"A little water, comrade," he murmured, the ghost of his old graciousness of manner lingering in his feeble voice.

Bob rejoiced at his words, his first sensible utterance in many hours, and hastened to obey his request. As he bent over the bed, raising the Frenchman's thin frame with one arm to hold the water to his hot lips, Bertrand whispered, "You have been a friend, mon garçon,—many thanks, while I have breath to say it!" He panted as he spoke, but his bright eyes turned to Bob's with a glance of affectionate gratitude, and their intelligence was for the moment unclouded. "If I must die in prison—in an enemy's country—it is something, comrade, to have your friendly face so near at hand. We are true Allies,—France and America."

He fell back gasping, while Bob, his own eyes blurred with quick tears of pity and understanding, dipped a handkerchief in the cold water and laid it over Bertrand's burning forehead.

"You're not going to die," he said, doggedly, though his voice was choked as he spoke and his grim face belied his hopeful words. "I'm going to get that doctor now, if I have to storm the Commandant in his own den." This he announced with a determination that took no thought as yet of ways and means.

He rose from beside the cot, where Bertrand lay exhausted after his battle for breath to speak with, and strode toward the door. Outside he could hear the prisoners marching toward the kitchen and the German guard was unlocking the officers' rooms for dinner. Bob waited for his own door to open, his purpose unwavering to demand attention for Bertrand's desperate need, no matter what retribution any violence might bring upon himself. He did not intend to wait for a word with Sergeant Cameron, but rapidly pieced together his German to address the guard as soon as the door opened. But when it did open, Bob's set face wavered almost to a smile with the quick relief of it. He would not have to engage just then, anxious and hungry as he was, on the doubtful struggle with the powers above him, for behind the guard stood the short, alert figure of the doctor, wrapped in a gray uniform overcoat, his face reddened by the frosty air.

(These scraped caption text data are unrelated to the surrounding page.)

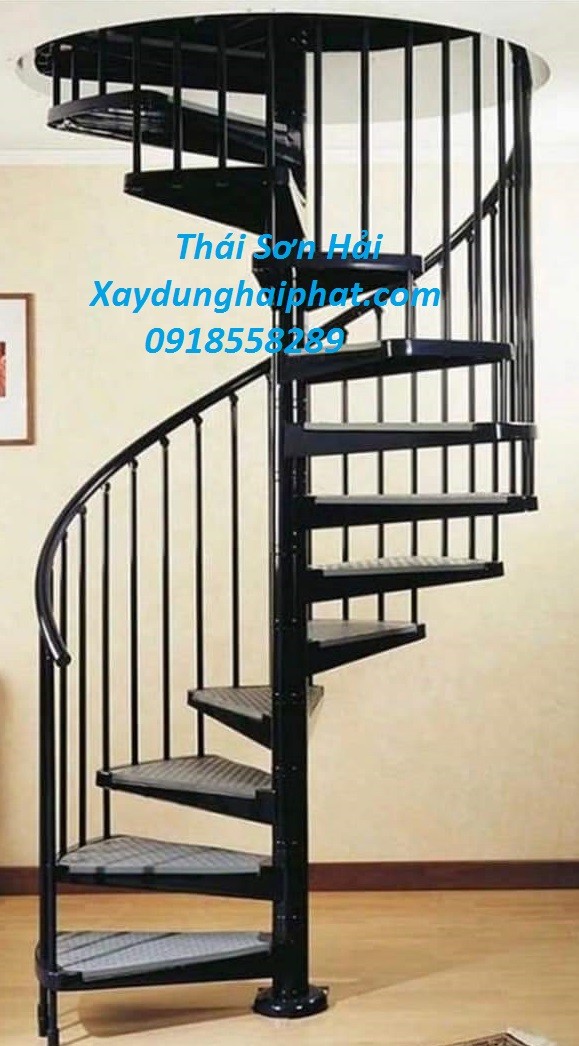tho-lap-dat-cau-thang-sat-gia-re-lam-cau-thang-sat-dep-o-hn-3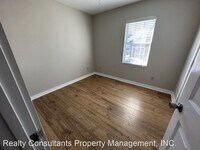 5844 Sir Knight Cir photo'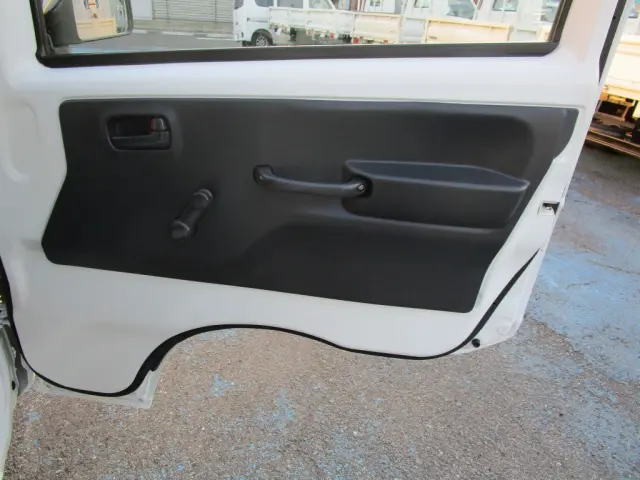 日産 クリッパーバン EBD-DR16T(2WD)の写真21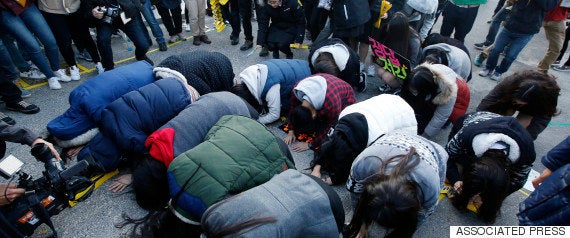 韓国の名門女子大 卒業式で 総長辞めろ の大合唱 背景に根強い学歴社会 ハフポスト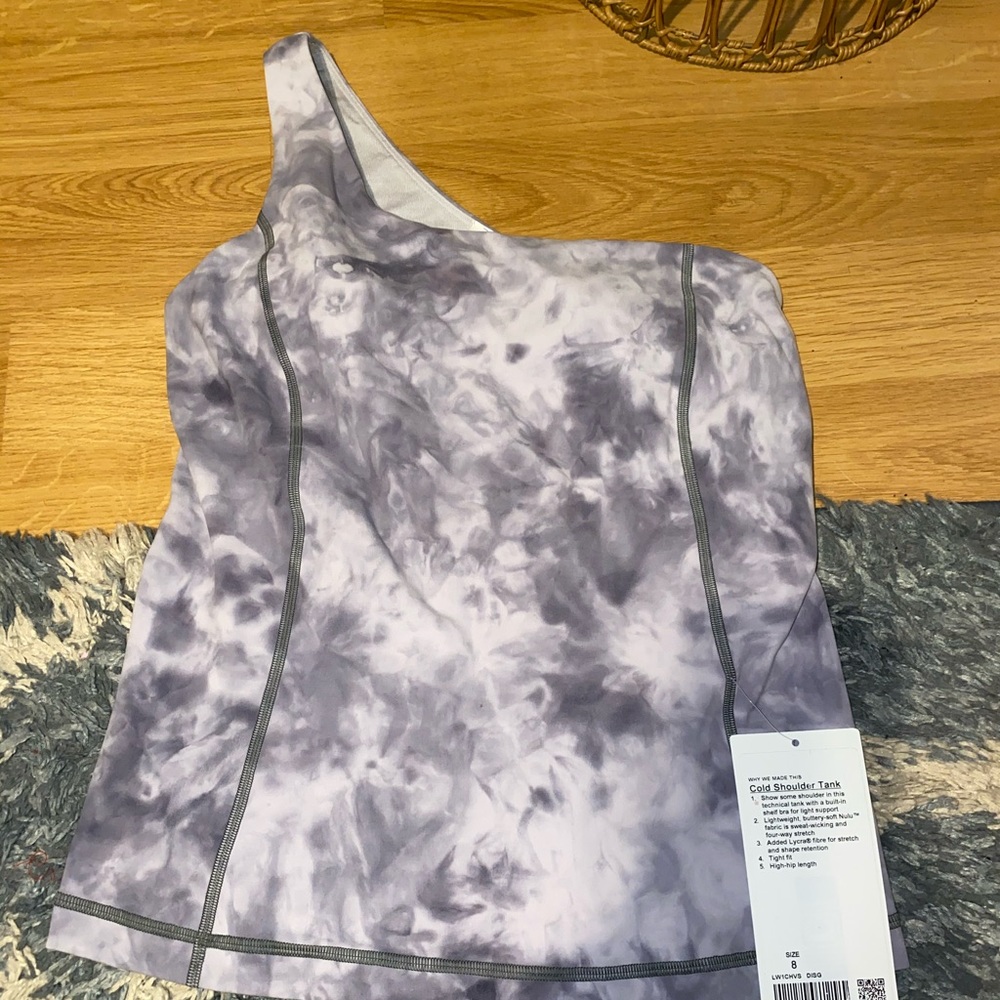 Lululemon Align cold shoulder tank
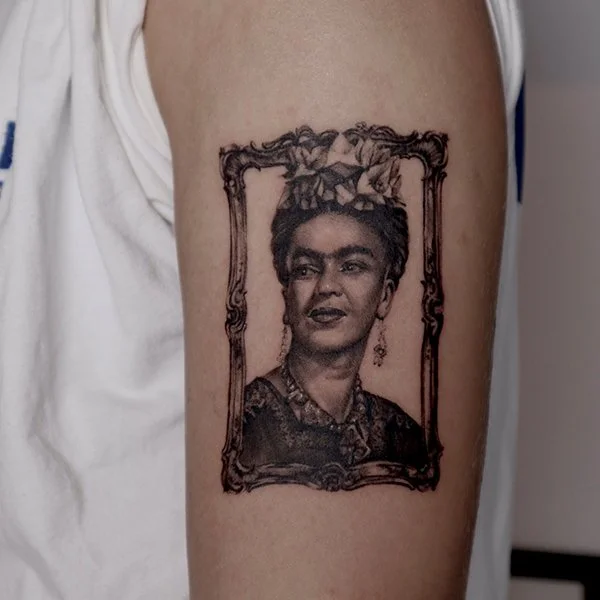 tatovering-mikrorealisme-overarm-frida-kahlo.jpg
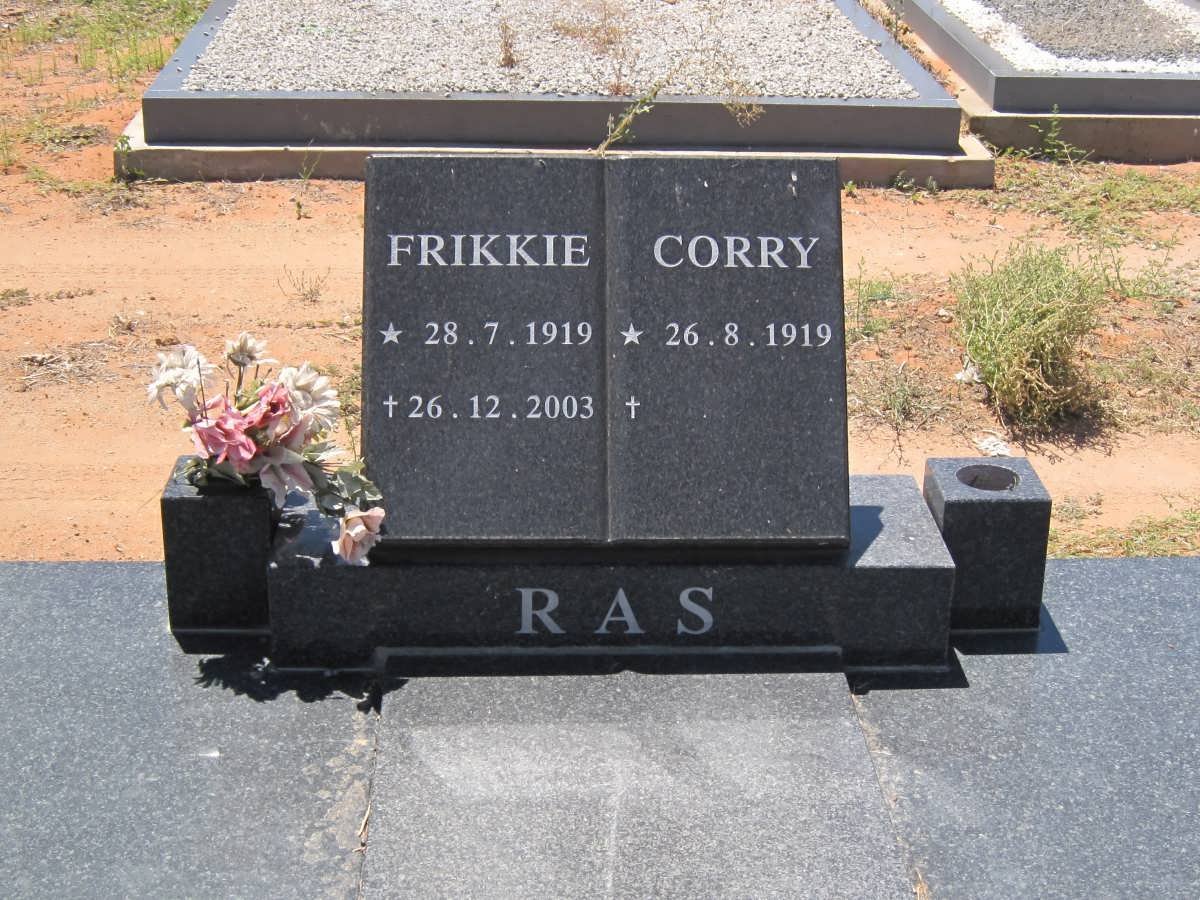 RAS Frikkie 1919-2003 &amp; Corry 1919-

Bob felt almost as though the German were a friend as he stepped eagerly forward, fearful lest he should somehow escape him, saying, "Doctor, thank Heaven you've come! Captain Bertrand is very ill. Why haven't you had him taken away?"

The touch of indignation in his last words was acknowledged by the German with a slight shrug of the shoulders as he stepped inside the room and laid his medicine case on the table. "I cannot perform the impossible," he said shortly, giving a keen glance in Bertrand's direction. "He is not the only sick man in Germany."

Bob checked his resentment at this cool retort, and gave all his attention to helping the doctor make the sick man more comfortable. It was evident to both of them that there was little to be done, for the medicine case was not able to furnish the doctor with what he wanted, and Bertrand, sunk again into feverish slumber, gave no answer to the questions put to him. At last the German put on his gloves and prepared to take leave, but before doing so he forestalled Bob's obvious intention of protesting against Bertrand's remaining any longer in the prison by saying irritably:

"Yes, yes! He shall be moved. Soon, too—he has been here far too long already." He glanced at Bob with a look of angry dissatisfaction, whether at the young American himself, the sick man, or the German medical staff's mismanagement, Bob did not know; but after a curt nod he departed, leaving Bob in a state of painful uncertainty during the few moments he passed alone with Bertrand before Sergeant Cameron brought in his meagre noonday meal.